__WORK TO COMPLETE__
Looking through the material below, say how many lines contain the string "from" and add nothing more.
══════════
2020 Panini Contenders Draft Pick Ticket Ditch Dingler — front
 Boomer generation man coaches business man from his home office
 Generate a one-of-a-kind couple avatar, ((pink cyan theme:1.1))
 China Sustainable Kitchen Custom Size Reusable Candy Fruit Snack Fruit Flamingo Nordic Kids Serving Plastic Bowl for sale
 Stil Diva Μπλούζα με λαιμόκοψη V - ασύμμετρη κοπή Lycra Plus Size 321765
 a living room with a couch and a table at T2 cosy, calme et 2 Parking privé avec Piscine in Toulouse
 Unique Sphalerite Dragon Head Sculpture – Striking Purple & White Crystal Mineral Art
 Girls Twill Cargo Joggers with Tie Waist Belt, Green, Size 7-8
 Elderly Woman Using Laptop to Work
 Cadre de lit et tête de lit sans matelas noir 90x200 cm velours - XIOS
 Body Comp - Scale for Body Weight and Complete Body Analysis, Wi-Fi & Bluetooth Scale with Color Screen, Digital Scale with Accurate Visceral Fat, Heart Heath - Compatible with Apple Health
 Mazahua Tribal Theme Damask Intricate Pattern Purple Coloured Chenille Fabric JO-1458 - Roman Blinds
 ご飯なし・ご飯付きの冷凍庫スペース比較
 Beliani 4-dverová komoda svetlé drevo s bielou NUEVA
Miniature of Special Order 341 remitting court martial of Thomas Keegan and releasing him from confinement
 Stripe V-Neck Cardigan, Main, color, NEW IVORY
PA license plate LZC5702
══════════
__OUTPUT FOR THIS EXERCISE__
2